Stored items:
=== Section Start ===

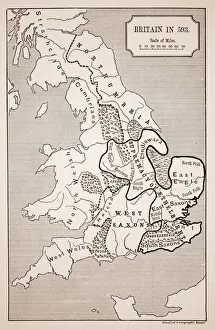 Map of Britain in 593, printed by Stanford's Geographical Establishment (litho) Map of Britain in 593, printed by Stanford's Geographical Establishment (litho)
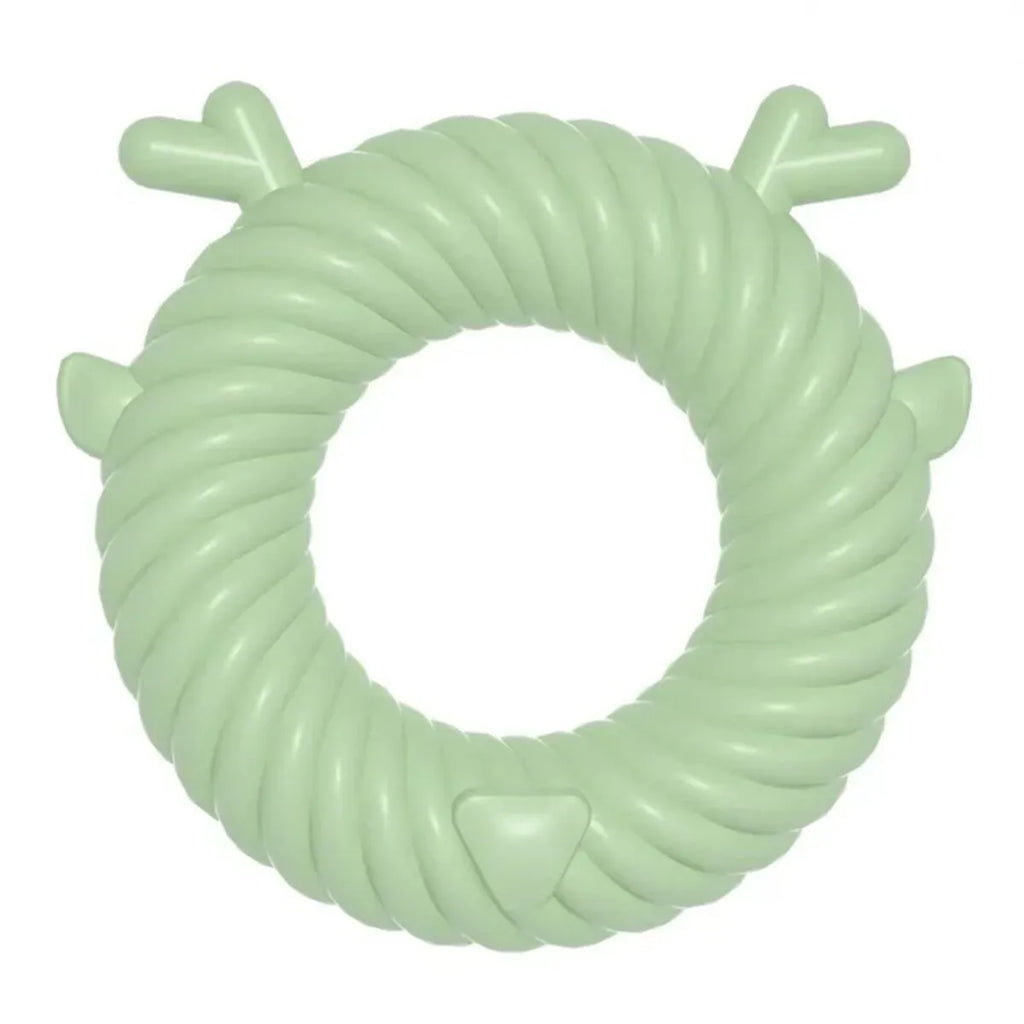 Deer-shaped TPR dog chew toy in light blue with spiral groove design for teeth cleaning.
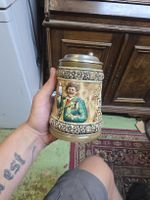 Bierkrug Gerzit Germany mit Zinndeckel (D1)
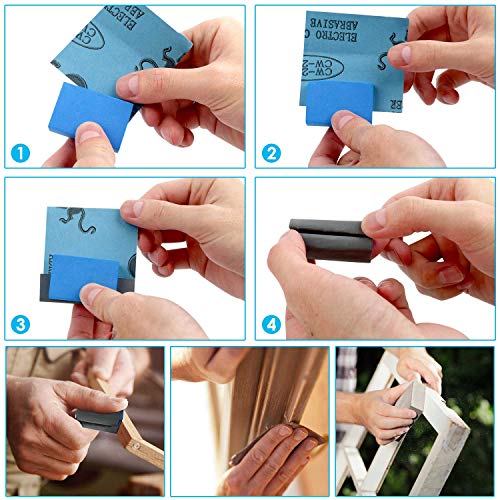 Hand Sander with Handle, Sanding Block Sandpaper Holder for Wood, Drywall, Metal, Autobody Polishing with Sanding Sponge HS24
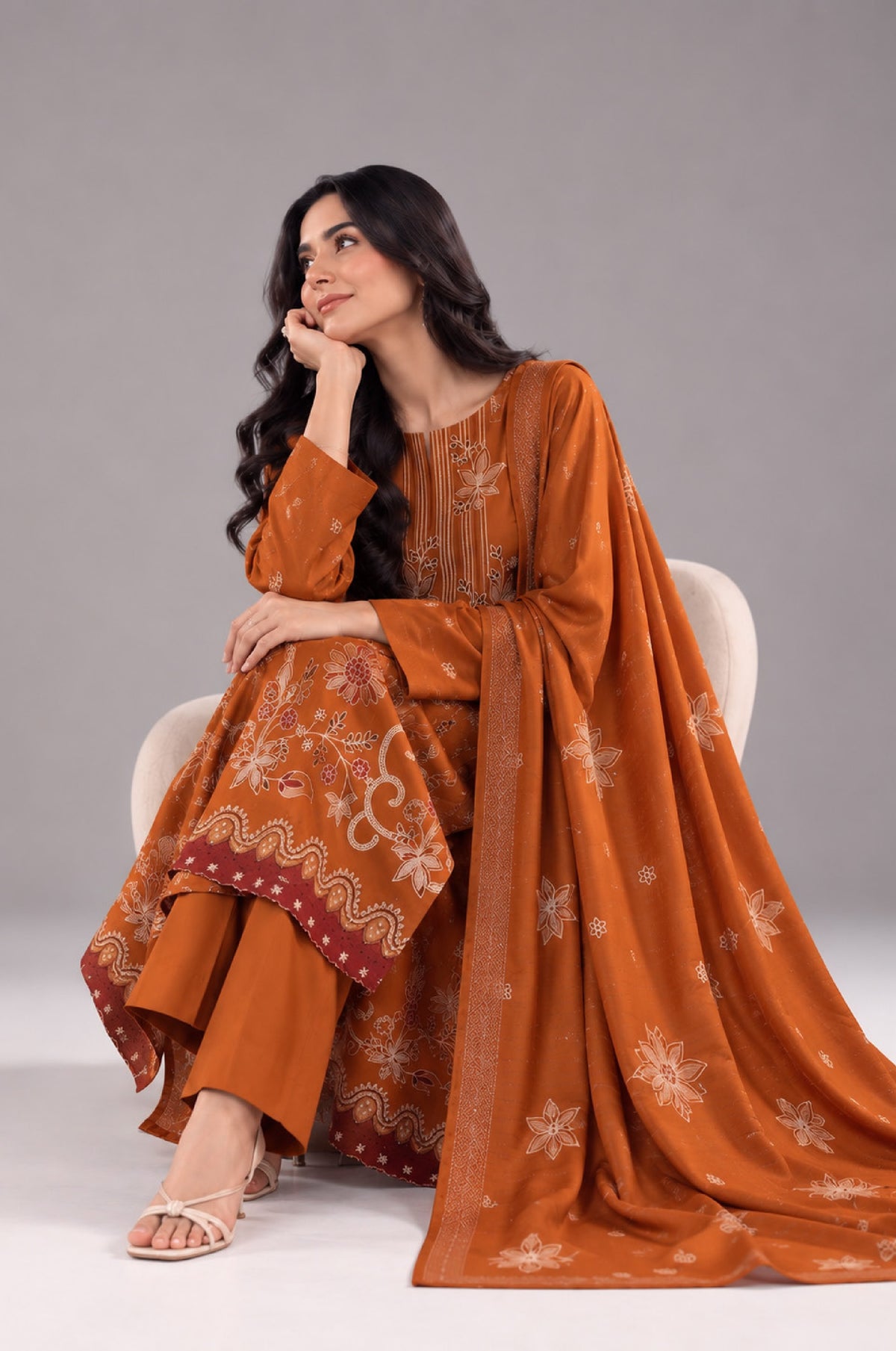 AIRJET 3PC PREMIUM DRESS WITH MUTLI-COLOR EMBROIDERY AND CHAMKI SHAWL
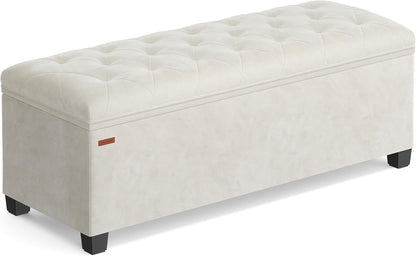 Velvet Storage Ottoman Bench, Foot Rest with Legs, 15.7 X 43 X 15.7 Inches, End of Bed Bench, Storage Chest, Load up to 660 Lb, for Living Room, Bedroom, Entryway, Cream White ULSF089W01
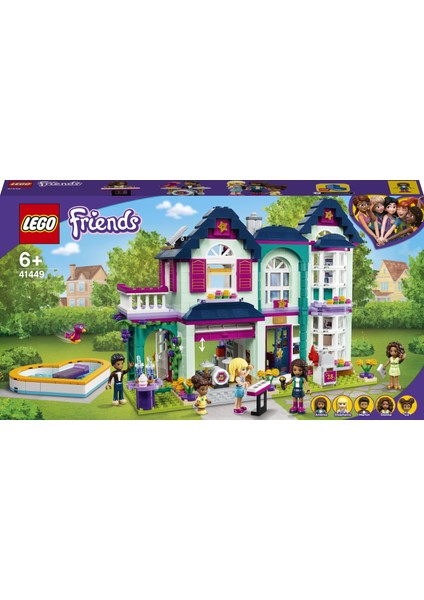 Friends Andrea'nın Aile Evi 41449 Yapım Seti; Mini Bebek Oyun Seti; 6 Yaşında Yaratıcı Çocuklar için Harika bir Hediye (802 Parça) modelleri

=== Section End ===

*What is being asked*. Without the pictures, copy all of the entries exactly as they appear.

*Result of the exercise*.
 Map of Britain in 593, printed by Stanford's Geographical Establishment (litho) Map of Britain in 593, printed by Stanford's Geographical Establishment (litho)
 Deer-shaped TPR dog chew toy in light blue with spiral groove design for teeth cleaning.
 Bierkrug Gerzit Germany mit Zinndeckel (D1)
 Hand Sander with Handle, Sanding Block Sandpaper Holder for Wood, Drywall, Metal, Autobody Polishing with Sanding Sponge HS24
 AIRJET 3PC PREMIUM DRESS WITH MUTLI-COLOR EMBROIDERY AND CHAMKI SHAWL
 Velvet Storage Ottoman Bench, Foot Rest with Legs, 15.7 X 43 X 15.7 Inches, End of Bed Bench, Storage Chest, Load up to 660 Lb, for Living Room, Bedroom, Entryway, Cream White ULSF089W01
 Friends Andrea'nın Aile Evi 41449 Yapım Seti; Mini Bebek Oyun Seti; 6 Yaşında Yaratıcı Çocuklar için Harika bir Hediye (802 Parça) modelleri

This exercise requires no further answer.